Meningkatkan produktivitas adalah kunci untuk menghidupkan kembali pertumbuhan di Asia Pasifik
- keren989
- 0
“Seiring dengan perlambatan ekonomi, kemajuan dalam pengentasan kemiskinan juga melambat, kesenjangan meningkat, dan prospek pekerjaan layak melemah.”
Keberhasilan pencapaian kawasan Asia Pasifik Agenda 2030 untuk Pembangunan Berkelanjutan harus didorong oleh peningkatan produktivitas secara luas dan penyeimbangan kembali perekonomian terhadap permintaan domestik dan regional.

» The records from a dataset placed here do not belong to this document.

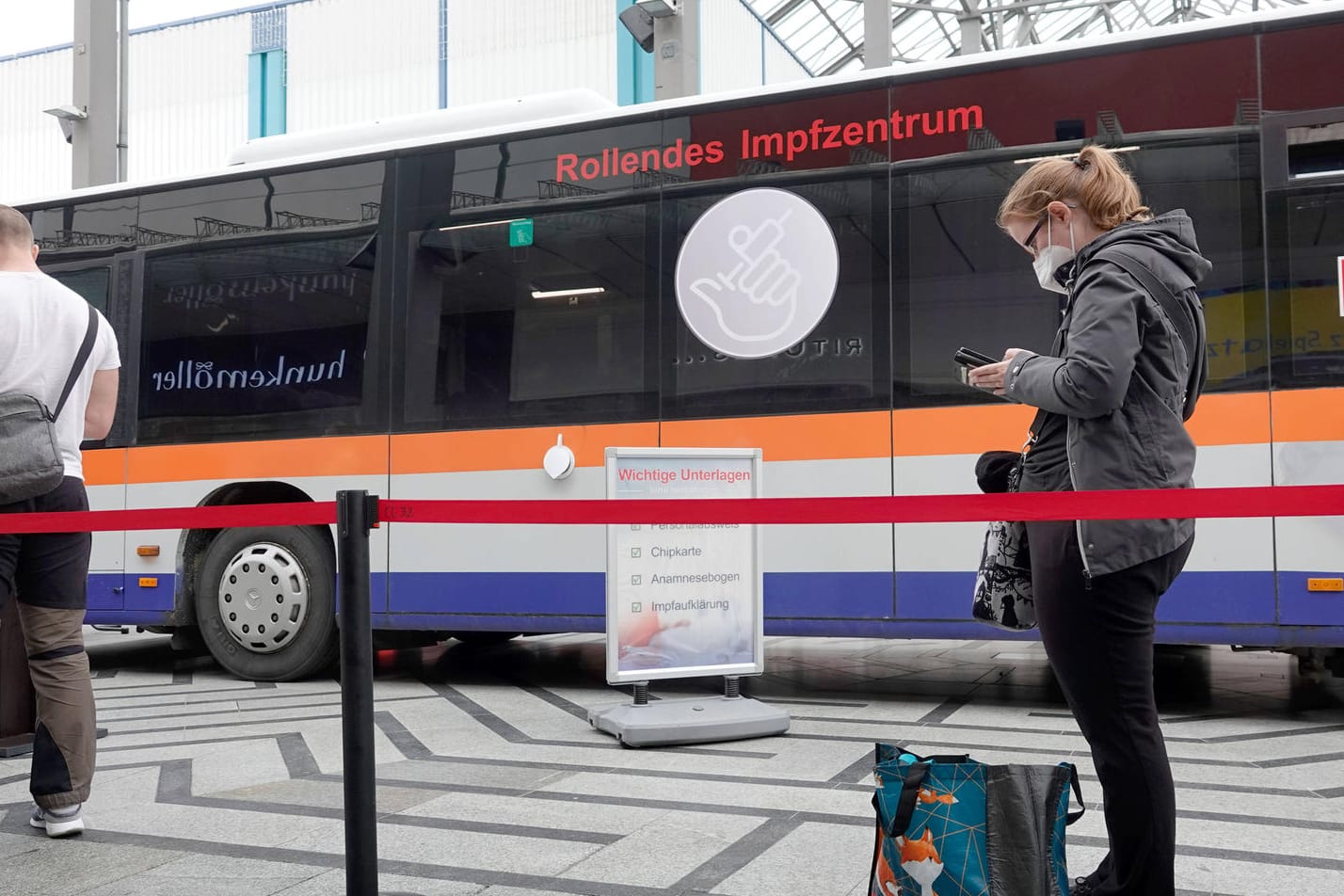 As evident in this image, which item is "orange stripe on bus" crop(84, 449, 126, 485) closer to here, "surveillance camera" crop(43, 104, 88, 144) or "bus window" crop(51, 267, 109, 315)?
"bus window" crop(51, 267, 109, 315)

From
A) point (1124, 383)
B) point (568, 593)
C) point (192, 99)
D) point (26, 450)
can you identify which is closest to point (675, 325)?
point (568, 593)

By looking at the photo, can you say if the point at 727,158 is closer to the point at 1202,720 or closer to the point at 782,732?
the point at 782,732

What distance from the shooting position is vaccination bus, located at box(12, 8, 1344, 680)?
4953 mm

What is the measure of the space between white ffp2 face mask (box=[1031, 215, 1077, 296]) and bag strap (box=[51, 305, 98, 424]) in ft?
8.90

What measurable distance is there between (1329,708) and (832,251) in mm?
3095

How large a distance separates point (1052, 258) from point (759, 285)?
315 centimetres

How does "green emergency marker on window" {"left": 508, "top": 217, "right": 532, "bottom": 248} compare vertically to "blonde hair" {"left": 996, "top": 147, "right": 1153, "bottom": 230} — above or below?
above

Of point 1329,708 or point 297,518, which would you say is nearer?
point 297,518

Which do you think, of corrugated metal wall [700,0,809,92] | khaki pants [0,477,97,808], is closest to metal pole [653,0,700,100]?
corrugated metal wall [700,0,809,92]

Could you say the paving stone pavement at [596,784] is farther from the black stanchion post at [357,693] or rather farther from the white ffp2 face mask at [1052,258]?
the white ffp2 face mask at [1052,258]

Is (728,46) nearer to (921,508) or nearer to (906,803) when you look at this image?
(921,508)

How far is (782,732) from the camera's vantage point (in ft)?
16.2

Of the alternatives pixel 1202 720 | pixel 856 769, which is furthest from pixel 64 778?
pixel 1202 720

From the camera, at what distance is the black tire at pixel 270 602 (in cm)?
661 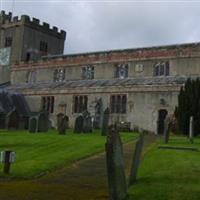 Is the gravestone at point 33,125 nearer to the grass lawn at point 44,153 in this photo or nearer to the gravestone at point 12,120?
the grass lawn at point 44,153

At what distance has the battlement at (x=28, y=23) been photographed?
176 feet

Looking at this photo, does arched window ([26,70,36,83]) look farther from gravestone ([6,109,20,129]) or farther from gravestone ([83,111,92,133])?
gravestone ([83,111,92,133])

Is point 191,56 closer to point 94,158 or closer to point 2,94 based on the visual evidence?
point 2,94

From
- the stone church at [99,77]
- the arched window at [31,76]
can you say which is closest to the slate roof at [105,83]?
the stone church at [99,77]

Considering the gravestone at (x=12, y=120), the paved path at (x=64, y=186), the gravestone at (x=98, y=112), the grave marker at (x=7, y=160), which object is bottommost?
the paved path at (x=64, y=186)

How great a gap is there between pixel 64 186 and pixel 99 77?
34.7m

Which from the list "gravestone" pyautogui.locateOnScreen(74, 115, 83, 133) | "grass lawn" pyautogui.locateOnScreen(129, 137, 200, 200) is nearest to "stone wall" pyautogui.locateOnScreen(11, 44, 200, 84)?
"gravestone" pyautogui.locateOnScreen(74, 115, 83, 133)

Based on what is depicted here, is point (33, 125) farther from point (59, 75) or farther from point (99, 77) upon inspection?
point (59, 75)

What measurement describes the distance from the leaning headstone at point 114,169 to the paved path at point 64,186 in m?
0.43

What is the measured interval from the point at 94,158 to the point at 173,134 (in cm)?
1763

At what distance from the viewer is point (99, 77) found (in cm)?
4406

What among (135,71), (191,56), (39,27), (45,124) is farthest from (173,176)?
(39,27)

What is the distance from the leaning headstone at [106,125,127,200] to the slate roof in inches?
1088

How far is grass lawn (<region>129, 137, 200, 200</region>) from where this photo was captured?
8508mm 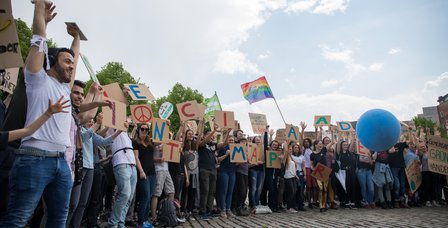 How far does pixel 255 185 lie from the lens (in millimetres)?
10016

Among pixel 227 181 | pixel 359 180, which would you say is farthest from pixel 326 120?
pixel 227 181

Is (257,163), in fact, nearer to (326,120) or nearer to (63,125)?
(326,120)

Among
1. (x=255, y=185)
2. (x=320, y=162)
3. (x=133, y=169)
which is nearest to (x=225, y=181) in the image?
(x=255, y=185)

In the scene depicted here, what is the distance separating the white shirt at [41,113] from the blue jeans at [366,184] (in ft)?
33.9

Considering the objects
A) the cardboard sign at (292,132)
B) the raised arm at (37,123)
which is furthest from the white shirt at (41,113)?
the cardboard sign at (292,132)

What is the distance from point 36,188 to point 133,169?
10.8ft

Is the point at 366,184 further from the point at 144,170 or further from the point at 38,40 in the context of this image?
the point at 38,40

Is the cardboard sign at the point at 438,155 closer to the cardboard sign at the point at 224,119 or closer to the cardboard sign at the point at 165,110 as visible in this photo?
the cardboard sign at the point at 224,119

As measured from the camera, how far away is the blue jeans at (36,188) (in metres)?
2.64

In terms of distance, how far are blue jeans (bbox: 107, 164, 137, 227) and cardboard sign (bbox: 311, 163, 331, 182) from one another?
648 cm

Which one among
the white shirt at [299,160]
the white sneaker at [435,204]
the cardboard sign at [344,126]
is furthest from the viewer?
the cardboard sign at [344,126]

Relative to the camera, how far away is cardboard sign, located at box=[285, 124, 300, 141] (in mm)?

Ini adalah pesan utama dari Survei Ekonomi dan Sosial Asia dan Pasifik 2016, diterbitkan pada tanggal 28 April oleh Komisi Ekonomi dan Sosial untuk Asia dan Pasifik (ESCAP). Strategi tersebut tidak hanya akan mendukung kebangkitan pertumbuhan ekonomi yang kuat dan berketahanan, namun juga meningkatkan kualitas pertumbuhan dengan menjadikannya lebih inklusif dan berkelanjutan.
Bagaimana seharusnya para pembuat kebijakan di Asia Pasifik menerapkan strategi tersebut? Pendekatan yang dilakukan oleh negara-negara berkembang di Asia-Pasifik yang lebih mengandalkan pemulihan ekonomi yang didorong oleh ekspor tidak akan efektif dalam kondisi saat ini.
Meskipun terdapat langkah-langkah yang luar biasa, permintaan agregat global masih lemah dan ekspansi ekonomi Tiongkok melambat. Dampak pelonggaran kebijakan moneter lebih lanjut juga kemungkinan besar tidak akan terjadi dan tidak disarankan.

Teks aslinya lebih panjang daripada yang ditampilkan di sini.